Montag, 18. August 2008

Flucht in die Selbstständigkeit?

Ist das so? Wird jemand, der sich in Deutschland unter die Unternehmer begibt, eher als "Versager" wahrgenommen nach dem Motto: "Zu einer Anstellung hat es wohl nicht gereicht?" Als ich den Satz las, fiel mir ein, dass mir tatsächlich so eine Haltung begegnet ist, als ich verkündete, dass ich mich zu dem Schritt entschieden hätte. Die Reaktion (eines angestellten Kollegen aus dem Personalbereich) war sinngemäß: "Für mich sind Leute, die aussteigen und sich selbstständig machen, nur nicht in der Lage, sich innerhalb eines Unternehmens zu behaupten und durchzusetzen."

Ich weiß noch, dass ich damals kurz überlegte, ob ich mir den Schuh anziehen sollte. Aber nur ganz kurz... Die Reaktion, die ich viel häufiger erhielt, lautete: "Ich bin sehr beeindruckt." - "Das finde ich total mutig." oder "Ich wünschte, ich hätte den Mut dazu."

Am Wochenende traf ich einen Bekannten, der es in seinem Fachgebiet weit gebracht hat, den Schritt aber mit Anfang 40 nun ebenfalls gegangen ist. Seine Hauptargumente: "Es wurde Zeit für etwas Neues!" und "Am Schluss habe ich nur noch gearbeitet, es gab keinen Feierabend und keine Wochenende und die Kinder bekamen mich nicht mehr zu Gesicht."

Das dürfte in der Tat neu sein: Erfolgreiche Menschen, die sich selbstständig machen, weil auch die Festanstellung keine Trennung von Beruf und Freizeit mehr ermöglicht. Und wenn schon Arbeiten ohne Ende, dann wenigstens selbst über die eigene Zeit verfügen können.

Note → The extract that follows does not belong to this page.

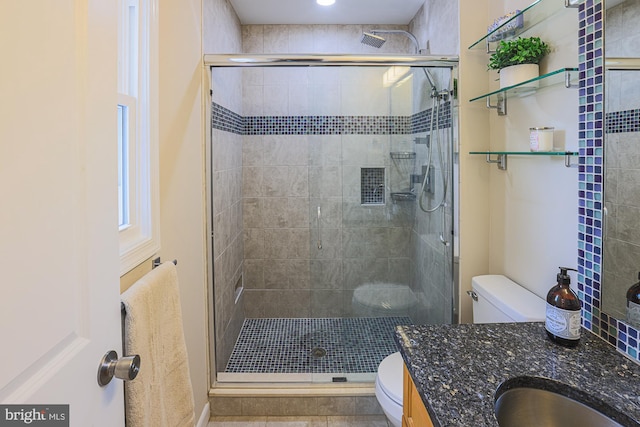 bathroom with vanity, toilet, and a shower with door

Der Personaler von damals hat sich übrigens nicht lange nach mir in die Selbstständigkeit begeben...

Rezension zum Thema:
Gründer verzweifelt gesucht, Financial Times Deutschland, 27.6.2008

1 Kommentar:

Anonym hat gesagt…

Ist das so neu? Ich bin auch vor 10 Jahren in die Freiberuflichkeit gegangen, weil die "Sicherheit" des Angestelltendaseins in meiner Branche maximal drei Monate weit reichte, ich mir meinen Arbeitsplatz ganz direkt selbst verdienen musste, dazu einen Chef anteilig "durchfüttern" musste; und weder über meine Arbeitsbedingugen noch meine Zeiteinteilung noch meine Arbeitsinhalte genügend mitentscheiden konnte.
Ich denke, es gibt zwei Typen des Erfolgs: Für die einen ist es Erfolg, in der sozialen Hierarchie möglichst weit aufzusteigen (und dabei mehr zu verdienen als der Nacshbar). Das geht am besten in einem Unternehmen und scheint hierzulande (noch?) die akzeptiertere Form des Erfolgs zu sein. Es ist ein komparativer Erfolg. - Für andere ist Erfolg, sich das Leben weitgehend nach eigenem Geschmack und eigenen Bedürfnissen einzurichten. Vielleicht einen Traum anzugehen. Wie das konkret aussieht, kann sehr unterschiedlich sein, weshalb dieser Erfolg letztlich keinen externen Maßstab hat. - Für manche Menschen mag es so sein, dass sie mit Erfolgstyp 1 auch Erfolgstyp 2 erreichen. Aber ich denke, in dem Maße wie Leistungsdruck, Eigenverantwortung und Unsicherheit über den Erhalt der Position (bzw. der Kündigung) in einem Jahr, einem Monat ... zunehmen, werden immer mehr Menschen auf den Gedanken kommen, dass sie dafür nicht die Form eines fremdbestimmten Unternehmens brauchen.
Die Globalisierung frisst ihre Kinder, auf gewisse Weise.